Madge shook her head, slowly. She got up, went to the back door, and struck a small bell hanging there with a stick that hung right beside it. Then she returned to her seat, now with an unsure air.

Effie, who had never known her to be other than sly or cantankerous, was profoundly curious; but she turned herself back to her work with a sense of expectation.

Sure enough, in a few moments she heard padding bare feet on the dirt path outside, and a girl entered the cottage, stepped over the threshold, only to stop dead. She and Effie stared at each other in mutual astonishment.  
On Effie's part, the astonishment came because the girl was quite unlike anyone she had ever seen. She was tall and long-limbed; her eyes were almond-shaped and black, and over them were thick dark brows. Her skin was the color of wheat, and her hair was black, black waves cut in a fringe around her face. To Effie, who had never left Ayrshire, she seemed a gypsy or, perhaps, a girl from Spain. But then the girl spoke, and her accent was the copy of Effie's own.

"Mother-" she said, and Effie heard her fear and distrust.

"It's all right," Madge said. "I've called you to meet a neighbor." This did nothing to ease the surprise on her face; evidently, neighbors were not a fixture of this girl's life.

"This is my Sylvia," Madge said, with a hint of fierce pride. "This is my daughter."

"You must be Effie," Sylvia said gravely. "It is a pleasure to meet you."

"Likewise," Effie managed. A secret daughter! A hidden Gypsy! Curiosity pumped hot through her veins, but she held her tongue.

Sylvia looked at her mother; then at Effie; she dropped a small, unpracticed curtsy and turned and left. Effie heard the sound of feet breaking into a run, and a quick fluttering laugh, gone as soon as it arrived.

"She's not used to company," Madge muttered. Effie made a noncommittal noise. She would not pry. She wouldn't. There was not a single   
question she could think to ask that was not wholly outside the realm of polite conversation. Why the secrecy, what about the father; what about the mother, for that matter. Madge was far too old to be this girl's natural mother. Where on earth did she get her?

"Out with it, girl," Madge snapped, and lamentably, it was the last question that emerged, and no more delicately phrased, either.   
Madge let out a bark of laughter. "The fairies left her under my rock," she said. It was an obvious rebuff, and Effie bit her cheek for her own clumsiness.

That was the hardest secret to keep from James.  
________________________________________________________________________________________________________________________________________  
James saw the girl again the next night; she flashed in and out of his field of vision as he finished whitewashing the cottage wall. She left footprints in the damp earth, at which James breathed a sigh of relief. His sylph might be quick, soft-footed, and utterly silent, but she was incontrovertibly real.
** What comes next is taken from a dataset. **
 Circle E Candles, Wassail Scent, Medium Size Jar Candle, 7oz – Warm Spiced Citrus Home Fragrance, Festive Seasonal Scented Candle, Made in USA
A few days later she stole one of his carvings. This time he knew she was there almost before she was; the smell of pine, the barely audible footsteps; he turned his head and she was there, shockingly close. He saw the golden brown of her skin and smelled smoky pine as she plucked a stick from the pile at his feet. Impulsively, he grabbed her wrist and held it lightly. She looked down at his hand, then back at James. Her mouth formed an soft O of surprise. For a thundering heartbeat he knew she was about to speak, and he braced himself in anticipation of her voice; but she broke his grip and ran away, flying like a leaf, leaving him breathless.

He thought of asking Effie about her, but didn't know how to explain his curiosity. How to tell one's betrothed wife that there was something arresting about a strange girl's lithe stride; the way she ran as if she were dancing. He remembered his dreams now; dreams of trees that woke from their sleep and became girls with black eyes; girls with arms like birch and hair like willow. Other nights he slept badly, or not at all.   
________________________________________________________________________________________________________________________________________

Meanwhile the preparations for the wedding rattled on apace. Agnes and Janet had at least twenty spats over the ceremony. It was the most fun they had had in years, and the fathers did not begrudge them a bit of it. Although they were extremely preoccupied, they spared a moment or two to notice that their children were more often than not absent from the proceedings; they assumed that James was merely passing into the realm of masculine irrelevancies that occupied their husbands, but did cluck over Effie's rapacious appropriation of food from the kitchen. It was to be hoped she would still fit her dress, which was her mother's, retrimmed in the latest style.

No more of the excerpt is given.